Mr Schuppan said many producers with little paddock feed were reassessing their hay and grain stocks and some were making the tough decision to sell ewes with young lambs at-foot.
“Back in January and February we had budgeted supplementary feeding to the end of May, but it has been an extraordinary start to the season and many fodder sources are coming to an end,” he said.
“Especially outside Goyders Line, even if they get a good rain soon it will be four to five weeks before they can stop feeding and for many, where do they get hold of hay and grain.”
AgriPartner Consulting principal consultant Hamish Dickson said the economics of supplementary feeding ewes had added up in most flocks, due to outstanding wool and meat prices.
“Even though feed prices are up and feeding rates are up it has been a positive decision to make not to be offloading pregnant ewes,” he said.
But Mr Dickson acknowledged after months of feeding many producers were assessing when “enough was enough”.
“The best management is to make sure they hold their ewes in as good a condition as they can and not back off in the lead up to lambing,” he said.
“If they have to back off feeding, do it after – this is far less problem than trying to feed them back into good nick with lambs on them.”
He said many flocks in the “inside country” had variable conception rates but given the focus on feeding and mild lambing conditions were likely to enjoy “above average” lambing percentages.
However, it had been a different story in pastoral areas where conception and lambing rates had been lower too.

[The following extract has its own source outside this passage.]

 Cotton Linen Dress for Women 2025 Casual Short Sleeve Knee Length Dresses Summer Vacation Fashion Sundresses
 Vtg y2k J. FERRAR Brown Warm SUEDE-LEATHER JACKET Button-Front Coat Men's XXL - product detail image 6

Cousins Merino Services’ Michelle Cousins said pregnancy scanning rates had been highly variable, dependent on producers’ ability to manage their ewes and the amount of feed available.
They had seen as low as 60-75pc in some pastoral flocks experiencing a very dry season, up to 135-150pc in the SE where it has been a more “traditional season”.
“We saw an increase in clients scanning for twins this year because they knew they needed to utlise their feed effectively and most chose to destock their drys (ewes),” she said.
“Those that re-mated dry ewes in this later period experienced poor conception rates, due to the dry conditions.”